Trade-off between complexity and energy in quantum phase estimation
Yukuan Tao, Madalin Guta, Gerardo Adesso
TL;DR
The paper introduces a universal framework to study the trade-off between implementation energy and gate complexity in quantum procedures, focusing on sequential quantum phase estimation (QPE). By linking the complexity $C$ and per-gate energy $E$ to a total resource $R = C E$, and incorporating gate-imperfection via an error parameter $\epsilon$, the authors derive a non-monotonic resource landscape with a potential sweet spot for energy–complexity co-optimisation. They quantify QPE performance through the quantum Fisher information $F_N$, show how noise in gate implementation degrades $F_N$, and provide a concrete first-principles optical model that yields explicit scaling laws for the optimal number of steps $N_{opt}$, energy per gate, and total resource $R$, including state-preparation and measurement costs.

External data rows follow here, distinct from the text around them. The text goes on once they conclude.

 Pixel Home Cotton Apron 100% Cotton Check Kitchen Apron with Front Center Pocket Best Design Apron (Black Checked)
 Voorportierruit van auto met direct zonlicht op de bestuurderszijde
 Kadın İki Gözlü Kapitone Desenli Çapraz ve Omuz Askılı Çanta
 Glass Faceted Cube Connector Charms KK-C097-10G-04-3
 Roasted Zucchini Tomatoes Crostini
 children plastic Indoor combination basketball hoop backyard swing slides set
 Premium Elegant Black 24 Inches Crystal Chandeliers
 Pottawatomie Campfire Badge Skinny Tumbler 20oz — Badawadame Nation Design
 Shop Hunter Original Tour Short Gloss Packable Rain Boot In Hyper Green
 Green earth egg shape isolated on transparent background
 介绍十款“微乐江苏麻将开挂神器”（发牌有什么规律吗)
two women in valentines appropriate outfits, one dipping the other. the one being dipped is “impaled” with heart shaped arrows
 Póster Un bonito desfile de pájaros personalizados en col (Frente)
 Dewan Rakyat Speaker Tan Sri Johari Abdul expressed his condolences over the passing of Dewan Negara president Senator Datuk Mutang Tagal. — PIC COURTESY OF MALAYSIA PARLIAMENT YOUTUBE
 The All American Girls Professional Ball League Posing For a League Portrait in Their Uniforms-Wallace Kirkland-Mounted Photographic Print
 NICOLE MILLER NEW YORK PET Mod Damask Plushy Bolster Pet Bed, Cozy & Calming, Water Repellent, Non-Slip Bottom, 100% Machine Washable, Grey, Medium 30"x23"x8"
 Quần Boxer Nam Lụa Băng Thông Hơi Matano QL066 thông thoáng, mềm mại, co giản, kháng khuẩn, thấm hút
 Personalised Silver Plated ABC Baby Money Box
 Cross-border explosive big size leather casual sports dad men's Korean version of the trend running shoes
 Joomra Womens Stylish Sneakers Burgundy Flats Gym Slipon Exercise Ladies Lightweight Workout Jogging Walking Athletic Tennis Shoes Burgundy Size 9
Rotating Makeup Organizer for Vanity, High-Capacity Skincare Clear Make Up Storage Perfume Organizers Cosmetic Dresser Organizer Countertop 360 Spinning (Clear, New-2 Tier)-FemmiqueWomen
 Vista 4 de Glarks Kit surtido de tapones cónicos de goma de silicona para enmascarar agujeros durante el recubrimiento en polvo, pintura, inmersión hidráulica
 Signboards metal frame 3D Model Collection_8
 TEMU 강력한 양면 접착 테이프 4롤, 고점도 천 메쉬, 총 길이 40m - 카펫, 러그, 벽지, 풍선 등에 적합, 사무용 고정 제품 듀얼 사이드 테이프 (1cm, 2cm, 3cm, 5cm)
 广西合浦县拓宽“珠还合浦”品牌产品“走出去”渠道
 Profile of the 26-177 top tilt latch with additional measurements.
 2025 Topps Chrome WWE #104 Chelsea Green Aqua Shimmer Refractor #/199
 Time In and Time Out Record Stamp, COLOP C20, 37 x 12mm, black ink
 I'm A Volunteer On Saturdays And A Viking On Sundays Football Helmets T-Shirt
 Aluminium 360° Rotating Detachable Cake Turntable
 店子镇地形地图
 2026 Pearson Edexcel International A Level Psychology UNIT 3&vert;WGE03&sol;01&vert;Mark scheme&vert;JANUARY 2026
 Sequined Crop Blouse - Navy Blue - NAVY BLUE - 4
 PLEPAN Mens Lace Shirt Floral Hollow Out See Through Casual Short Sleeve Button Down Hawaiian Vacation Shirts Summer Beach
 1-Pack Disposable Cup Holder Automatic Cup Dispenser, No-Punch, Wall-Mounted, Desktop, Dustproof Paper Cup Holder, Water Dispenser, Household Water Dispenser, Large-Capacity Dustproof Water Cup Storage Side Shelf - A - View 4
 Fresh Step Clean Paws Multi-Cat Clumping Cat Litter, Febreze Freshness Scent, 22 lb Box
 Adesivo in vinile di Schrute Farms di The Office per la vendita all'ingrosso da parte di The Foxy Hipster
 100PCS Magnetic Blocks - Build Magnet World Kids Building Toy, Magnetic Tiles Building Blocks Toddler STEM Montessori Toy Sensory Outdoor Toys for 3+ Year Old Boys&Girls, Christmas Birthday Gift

The results highlight practical guidelines for energy benchmarking in quantum sensing and metrology and suggest that combining energy-aware analyses with existing resource theories can inform the sustainable deployment of near-term quantum technologies.
Abstract
Driven by the desire to make quantum technologies more sustainable, in this work we introduce a framework for analysing the interplay between complexity and energy cost of quantum procedures. In particular, we study a sequential quantum phase estimation protocol, where a phase of physical significance is encoded in a quantum channel. The channel is applied to a probe state repetitively until the probe is measured and the outcome leads to an estimate on the phase. We establish a trade-off relation between the implementation energy of the channel and the number of times it is applied (complexity), while reaching a desired estimation precision. The principles of our analysis can be adapted to optimise the energy consumption in other quantum protocols and devices.